The grim way he said it convinced Theresa that the rest of her day had just been claimed as well.

Jablonski sprang forward like a pointer catching a whiff of quail. “You mean there’s been a homicide?”

“No comment.”

“Oh, come
on
!” he protested. Theresa could hear real frustration bubbling up from his carefully maintained persona.

“No.”

The reporter threw himself back in the seat. “We’ll see about that.”

 

 

 

Chapter 9

 

MONDAY, SEPTEMBER 6
PRESENT DAY

 

 

The Cleveland Air Show began as national air races, an idea brought to the United States from Europe by Joseph Pulitzer, the man for whom those prizes are named. The purpose in 1920, as now, was to encourage interest in aviation. The show rotated through several cities until Cleveland hosted the largest and most (indeed
only,
to that point) financially successful show in 1929. Fully three times larger and longer than today’s shows, the 1929 show established Cleveland’s ownership of the event.

Particularly in these early days, the work could be dangerous. Occasionally a pilot would be lost. But in 1949 a racer banked his Mustang too sharply at one turn and crashed into a house in Berea, killing a young mother and her baby son. The air show shut down for the next fifteen years.

Today, the usual commercial and air taxi services at Burke Lakefront Airport are suspended every Labor Day weekend as citizens pack the bleachers to watch pilots, wing walkers, and parachutists defy the law of gravity. Nearly all of them would remain unaware of this year’s tragedy, but then, this death had nothing to do with airplanes.

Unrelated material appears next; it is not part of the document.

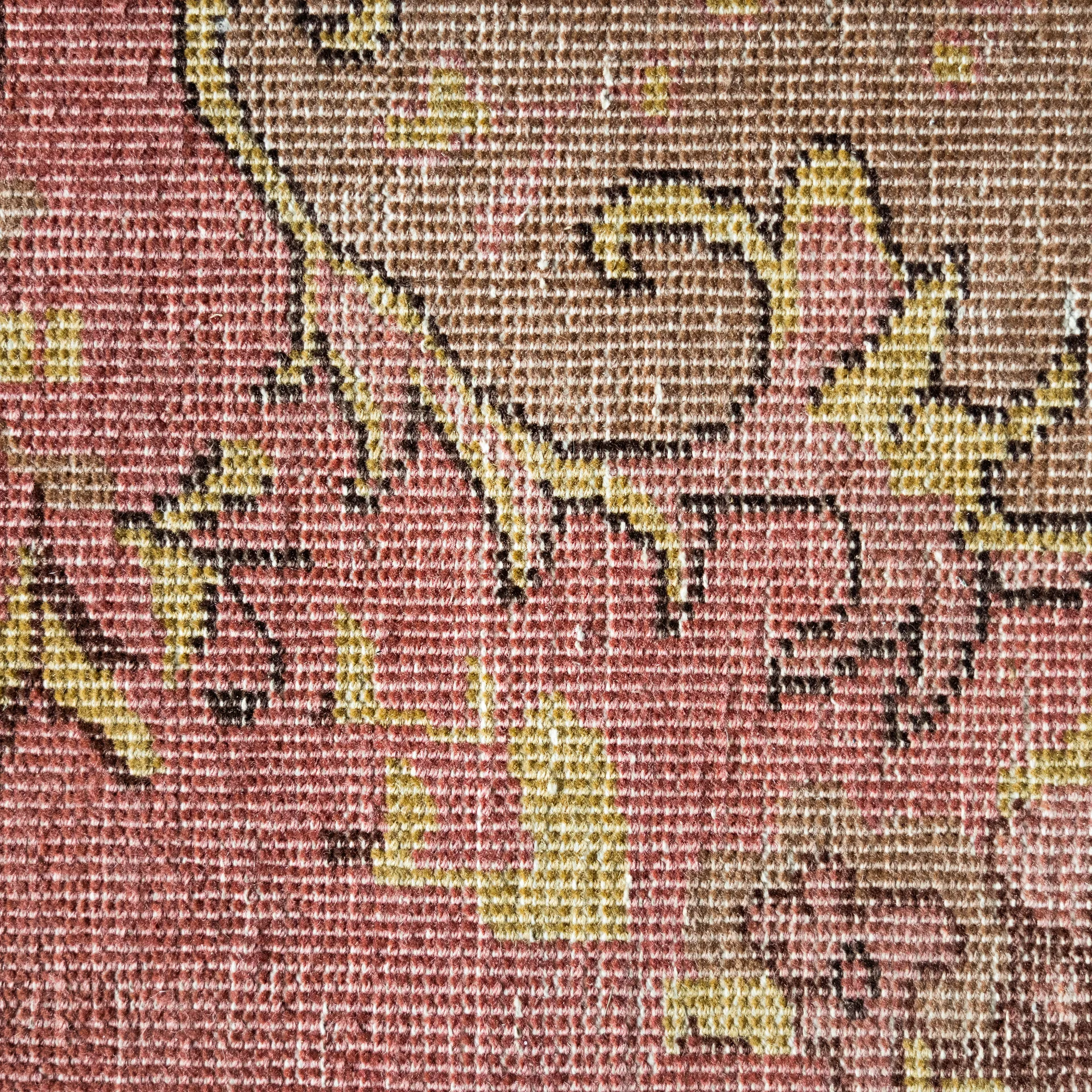 Wool Wollteppich 200 x 300cm, Pink HKliving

When Clevelanders say “lakefront airport,” they mean it. Walk north one hundred and some feet from the runway and your shoes will get wet. The edge is built up with piled rock to keep the grassy buffer from washing away, though the Port Authority officers patrolling this Labor Day were not concerned about natural predators. Only human ones. Cleveland did not have a large number of possible terrorist targets (much to the relief of its citizenry), but the air show, with its large military presence, had to qualify.

And so the Port Authority officer had been policing the perimeter on foot when he discovered the girl’s body. Or rather, part of it. He stared at it for a long time, that completely obvious yet somehow indecipherable object. Then the officer took out his radio, called his supervisor, and said a silent prayer of thanks that the piled stones sloped downward to the water and therefore the body or part of a body lay just below the line of sight from the bleachers. There were a hundred thousand spectators on the south side of the tarmac. At least half of them carried binoculars.

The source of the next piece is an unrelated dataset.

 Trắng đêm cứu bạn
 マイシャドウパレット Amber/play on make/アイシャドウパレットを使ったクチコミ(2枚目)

Theresa had attended the show in exactly two of her (almost) forty years. She wondered if this visit counted as number three, though they didn’t enter the show, only skirted around it down a small access road between the runways and the water.

A marked patrol vehicle led the way, without activating his lights or sirens—the air show organizers wanted only scripted drama for the customers. Theresa did not feel discretion to be the better part of valor while on such an active tarmac and tried to look in all directions at once as she drove. Did someone tell the pilots that they were coming? Around her were biplanes, fighter jets, and one massive thing that had to be some kind of military transport. What if one landed on her?